Police are using tear gas to disperse farmers who have been on a two-week-long peaceful sit-in to protest water shortages in the region.
Iranian security forces have used tear gas, batons and apparently birdshot during clashes with protesters demonstrating in Isfahan in support of farmers angry over water shortages.
Social media posts showed officers in the central Iranian city apparently opening fire with birdshot on Friday in the dried up riverbed of the Zayandeh Rud, the largest river in the drought-stricken region, and nearby streets.
The semi-official news agency Fars said demonstrators threw rocks and set fire to a police motorcycle and an ambulance.
State TV showed police firing teargas at demonstrators gathered in the dried riverbed. A video posted on social media showed protesters chanting back: "Shame on you!"
Another news agency, ISNA, said farmers and authorities struck an agreement Thursday on the distribution of 50 million cubic metres (over 1.6 billion cubic feet) of water.
Despite the deal, it said hundreds of people gathered in the riverbed following a call on social media by "suspect and counter-revolutionary elements", and clashes ensued.
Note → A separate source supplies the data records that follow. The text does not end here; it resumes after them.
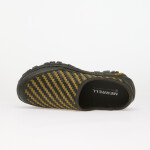 Tenisky Merrell Moab 2 Slide Ltr Wvn Se Beluga/Sugr Kelp EUR 46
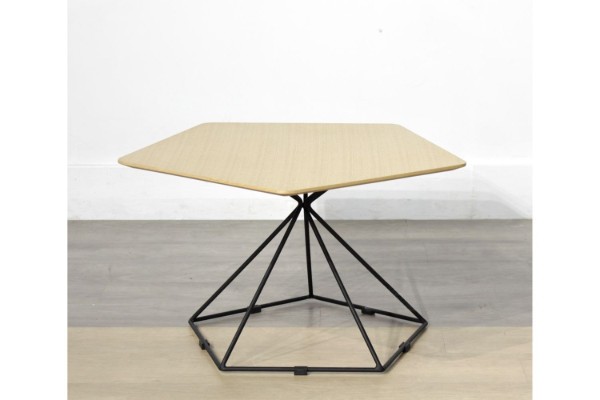 Picture of [FLOOR MODEL CLEARANCE] SVEG Large Side Table
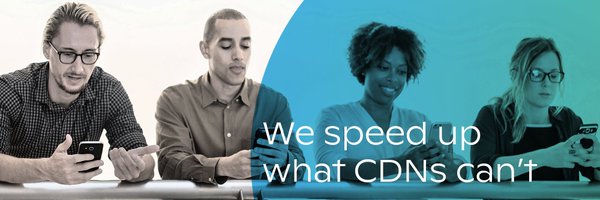 codavel Profile Banner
Social media videos showed several injured protesters, at least one with apparent birdshot pellet wounds.
Farms run dry, prompting protests
Overnight, farmers holding a two-week-long peaceful sit-in to protest against water shortages in the region were dispersed by unidentified men who set fire to their tents. Social media posts said they were security forces while state media said they were "thugs".
State media earlier said farmers had agreed to leave after reaching a deal with authorities.
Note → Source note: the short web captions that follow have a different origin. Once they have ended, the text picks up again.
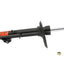 KYB 334604
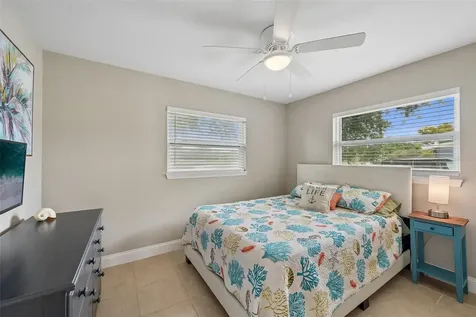 5005 Bee Ridge Road Sarasota FL 34233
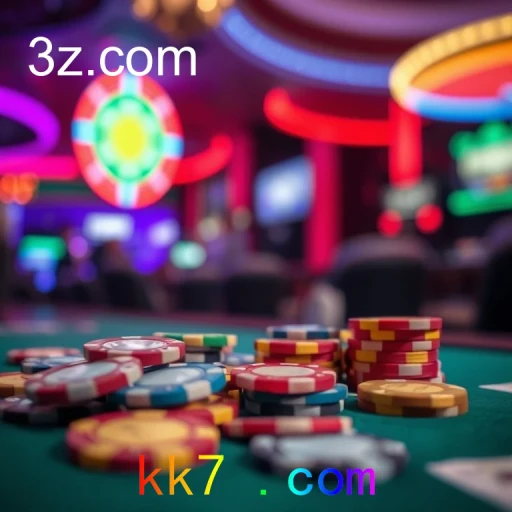 kk7 .com VIP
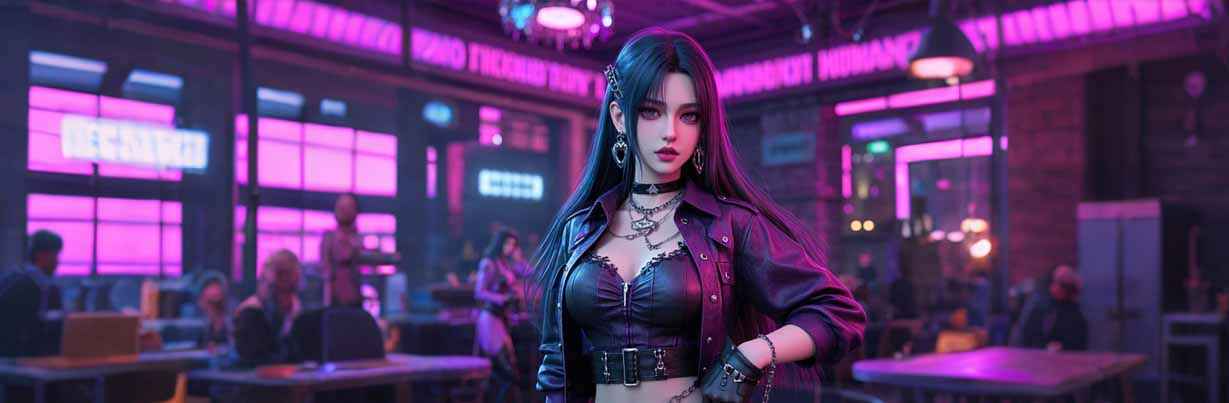 天火3官方注册认证中心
The farmers in Isfahan province have for years protested against the diversion of water from the Zayandeh Rud to supply other areas, leaving their farms dry and threatening their livelihoods.
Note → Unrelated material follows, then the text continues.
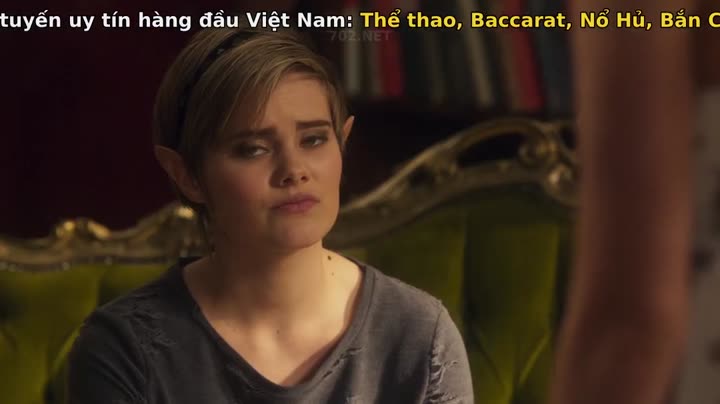 Tập 3 phim Kyra và thế giới phép thuật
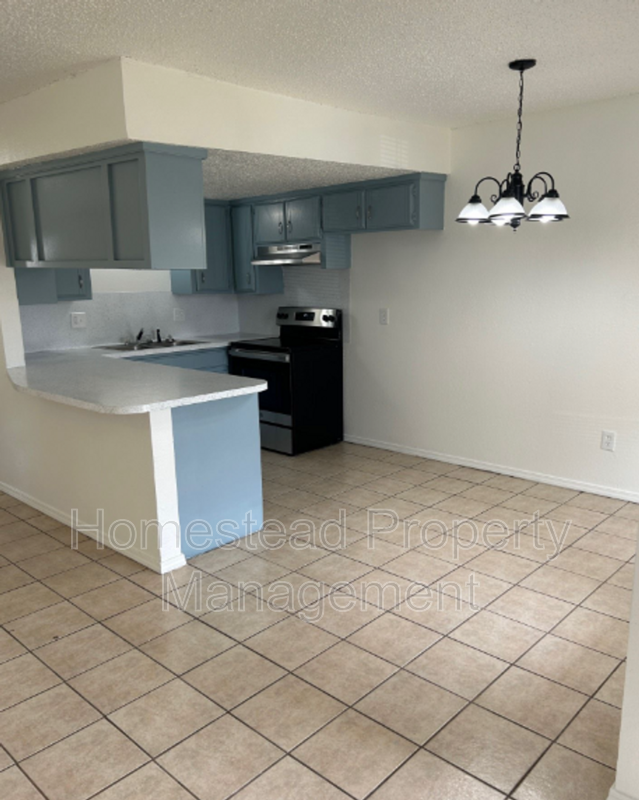 Request a Viewing for 1000 Acacia Circle Tenant Turner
A pipeline carrying water to Yazd province has been repeatedly damaged, according to Iranian media.
In July, protests broke out over water shortages in the oil-producing southwest, with the UN human rights chief criticising the fatal shooting of protesters. Tehran rejected the criticism.
Iran has blamed its worst drought in 50 years for the water shortages, while critics also point to mismanagement.